An estimated 22% of incarcerated federal offenders have a sexual offence conviction. Over a two-year period, this population has increased by about 10%.

The law surrounding sexual offences was also transformed in the 1980s. Legislation in 1983 abolished the offences of rape, attempted rape and indecent assault and replaced them with three levels of sexual assault parallel with the three levels of non- sexual assault as described above.
As with assaults, the three levels of sexual assault correspond to the degree of injury and the presence of a weapon.

In addition, three child sexual abuse offences came into effect in 1988: sexual interference, invitation to sexual touching and sexual exploitation. These offences, together with incest, are included in the category of "other sexual offences." The rate at which these offences were reported to police since 1988 has remained constant, at between 12 and 14 per 100,000 population.

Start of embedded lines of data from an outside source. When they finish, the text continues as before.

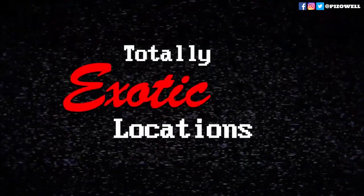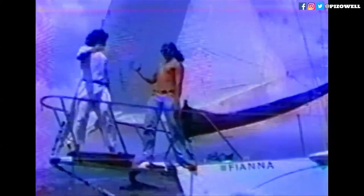I also really dug the kinetic Raimi-ish style the cousins emulated. They built their own rig that they could fix the camera to, which allowed them to achieve some nice shots and cool camera moves.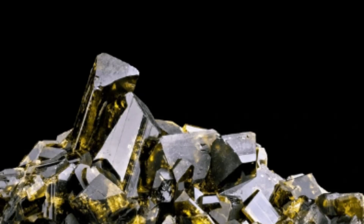In schists and gneisses, epidote is usually associated with other metamorphic minerals like garnet, chlorite, and amphibole.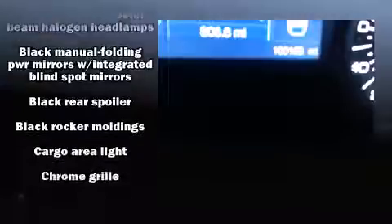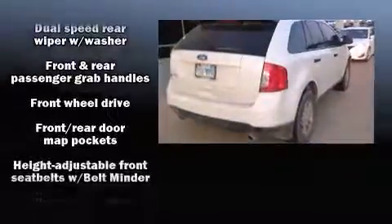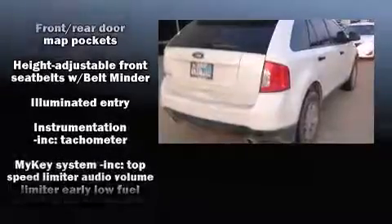You and your passengers will enjoy the stereo system which includes a CD player with MP3 capability, steering wheel mounted audio controls, and six well-positioned speakers.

As Figure 3 illustrates, there was a dramatic increase in the rate of sexual assaults recorded by the police since 1983, due almost entirely to level 1 offences. A total of 27,257 level 1 offences was reported in 1995 (92 per 100,000 population), and this is more than twice the 1983 rate of 41 per 100,000 (10,542 incidents). Levels 2 and 3 sexual assaults have remained constant at between 1 and 4 per 100,000.

Robbery

Robbery offenders constitute about 36% of the total federal incarcerated population, an increase of about 1.6% in the last two years.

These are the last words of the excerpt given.